The ground return resistance may be on the order of 5 to 10 Ohms. A good ground resistance is 5–10 ohms which can be measured using specialist earth test equipment.
The big question is, for how long a distance is this resistance valid for?
I would expect it to not vary much and for the resistance to be dominated by the neighborhood of the ground connections. For instance, in 2D films point-to-point resistance only increases as the log of the separation between the electrodes since the farther they get apart the more width the current can spread out over. In 3D there is even more space for the current to spread out over. Earth isn't a uniform conductor so I assume you actually have to take into account the geology of the land, but in normal circumstances the current density and therefore voltage drop far from either end should be extremely low.
Yes, the distance doesn't matter much. The earth has a huge cross-sectional area. It's the contact resistance between the earth and the electrode, which dominates the resistance. Once the current is flowing through the earth, it can spread out over a huge volume.

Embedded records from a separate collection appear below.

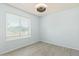 Bright bedroom with tile floor, ceiling fan, and horizontal blinds at 4845 W Evans Dr, Glendale, AZ 85306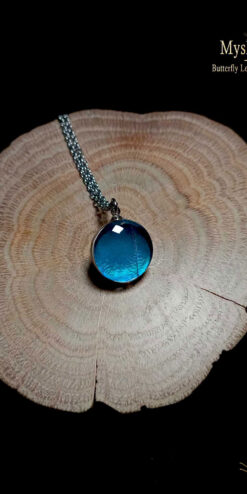 Handmade Blue Morpho butterfly wing pendant with real Morpho deidamia wing encased in 16mm glass, symbolic jewelry for transformation, peace, and good luck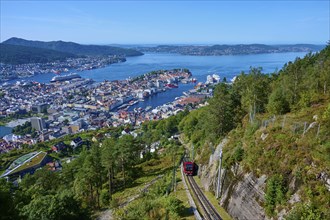 Panoramic view of Bergen with harbour on a clear day, cable car ascending the wooded mountain,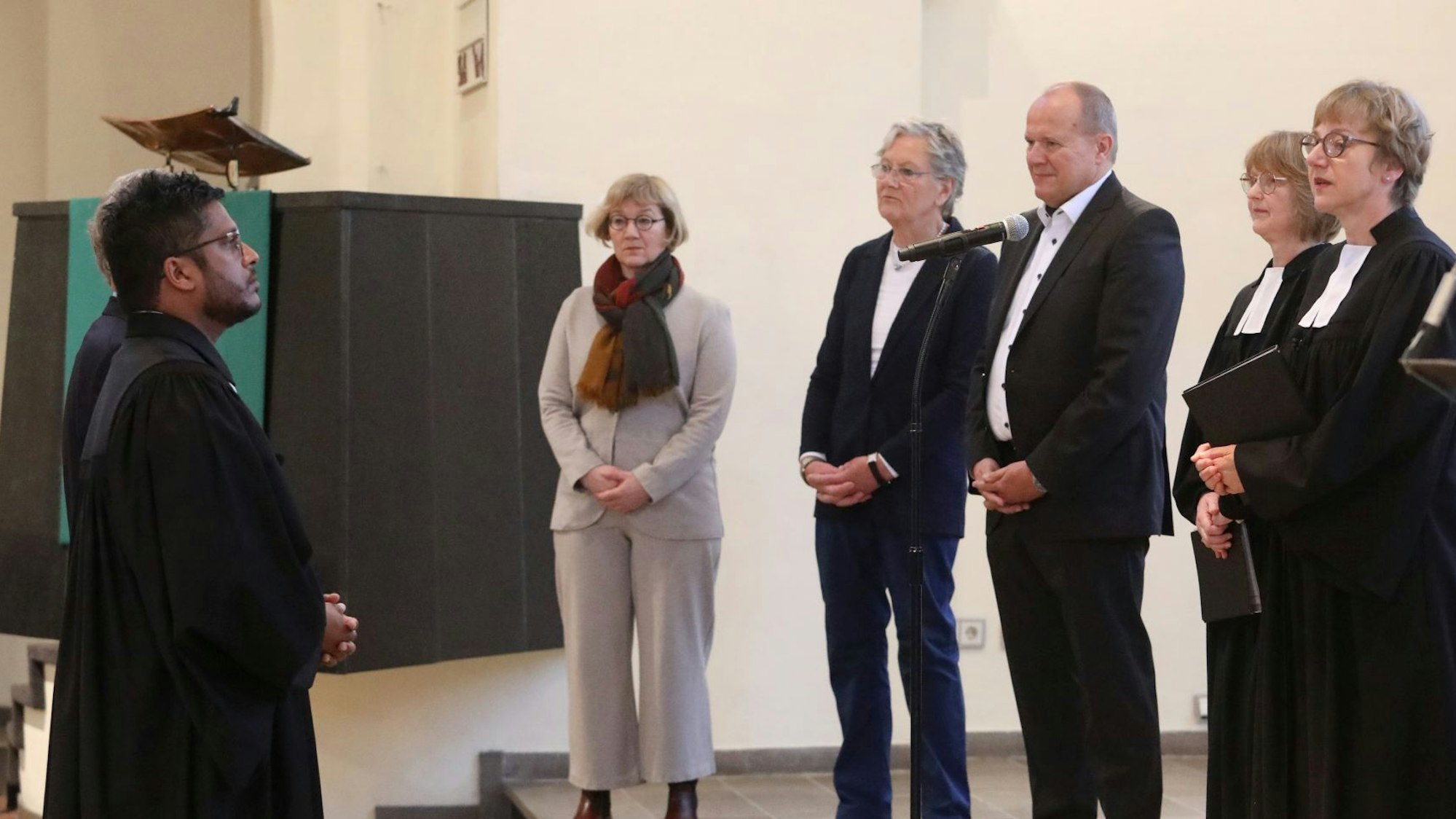 Eine Gruppe von Männern und Frauen, darunter zwei Pfarrerinnen, stehen sich gegenüber, im Hintergrund die Kanzel der Erlöserkirche.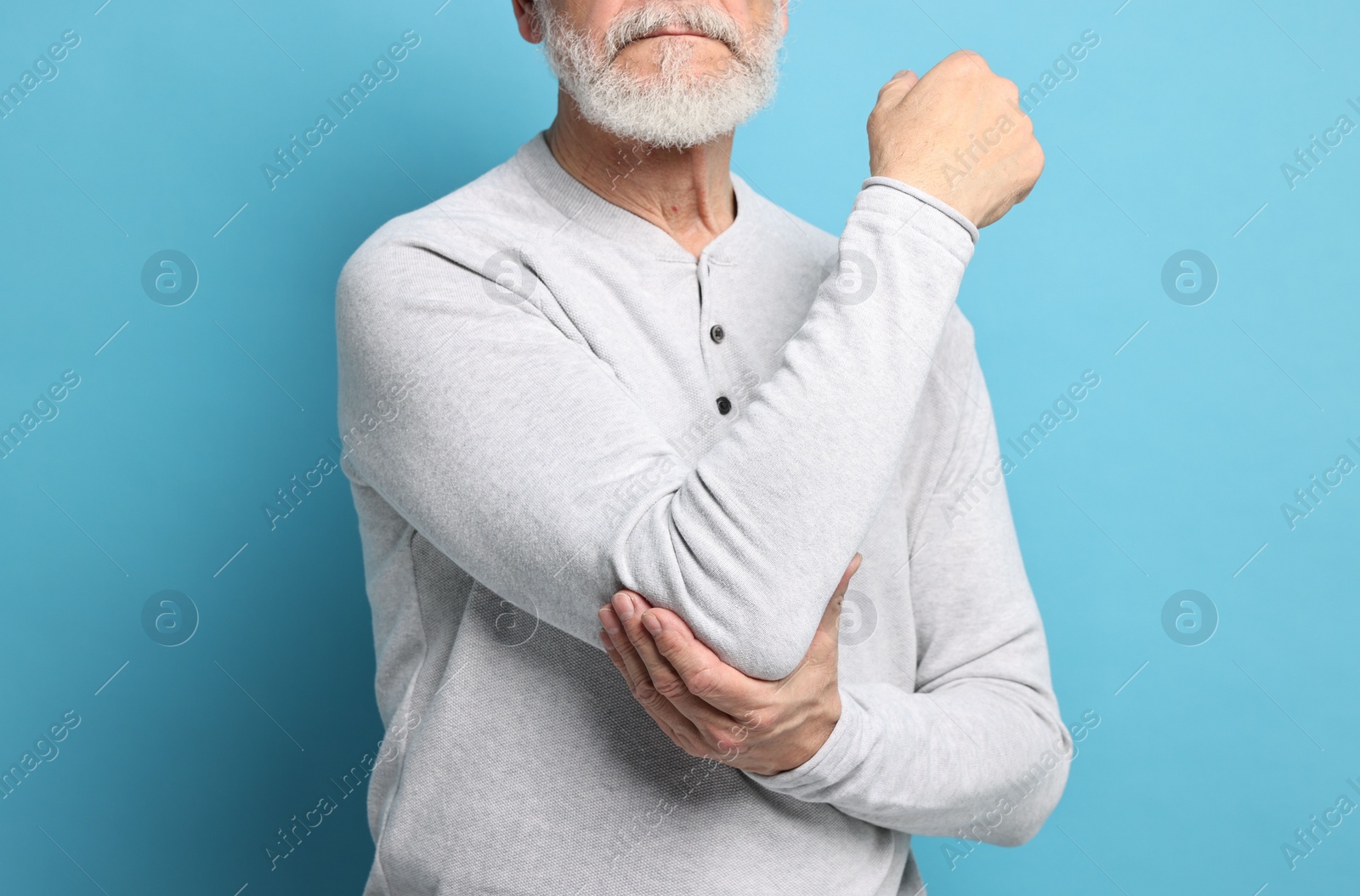 Photo of Arthritis symptoms. Man suffering from pain in elbow on light blue background, closeup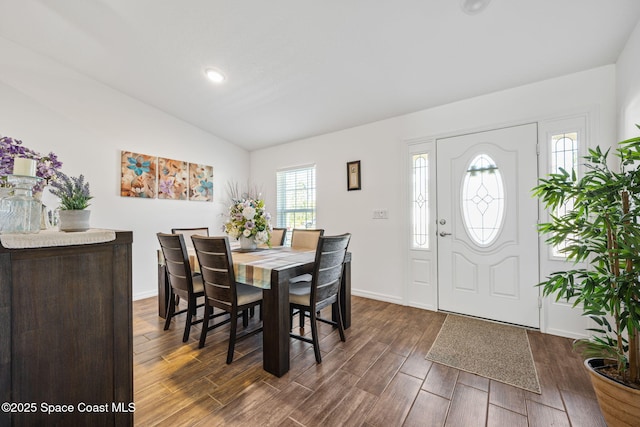 dining space with vaulted ceiling, dark wood-style floors, and baseboards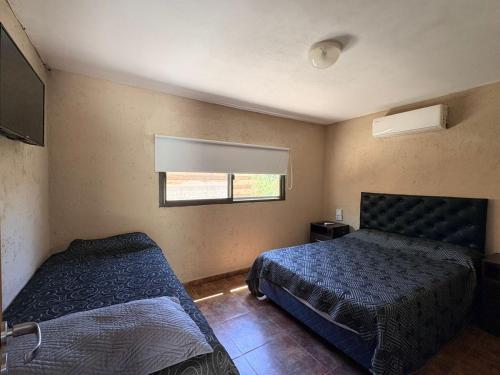 una camera da letto con due letti e una finestra di Los Frutales a Villa Carlos Paz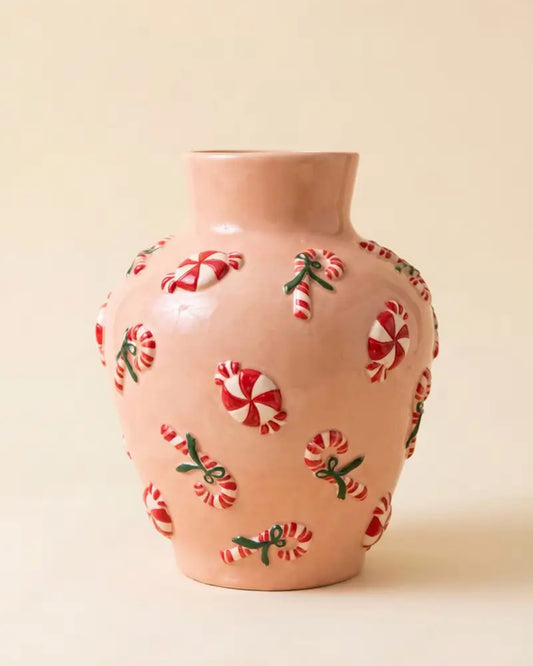 Pink ceramic vase with dimensional red-and-white peppermint and candy cane decorations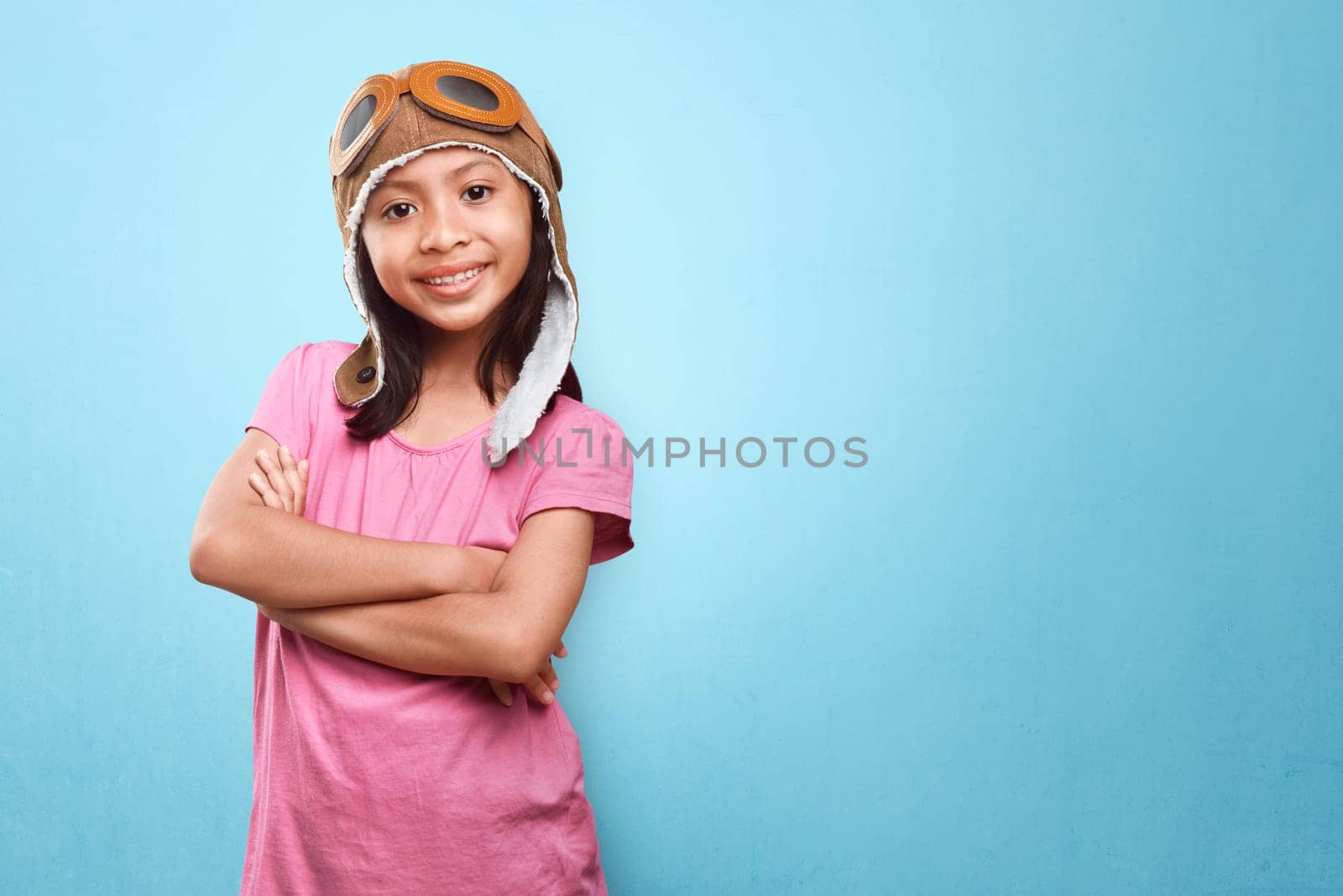 Smiling asian little girl with aviator hat and goggles having fun over blue background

Suppose we take a plastic cube shaped box, with a volume of 1m
3, glue two 1m
2 copper electrodes to the inside of each side and fill it with the local soil and measure the resistance, which is around 1k. Now imagine the current flowing through the soil between two large electrodes, placed 100km apart, spreads out over a an area of of 10km
2, the distance is 100km but cross-sectional area is now 10km
2, so the resistance is 100k*1k/10k
2 = 1Ohm.
In reality, the above example is flawed. The current can take a much larger cross-section than 10km
2 and the electrodes won't be that big. The further the electrodes are apart, the more the current can spread out, so the resistance of the earth over most of the path, will be insignificant, compared to the earth immediately surrounding the electrodes.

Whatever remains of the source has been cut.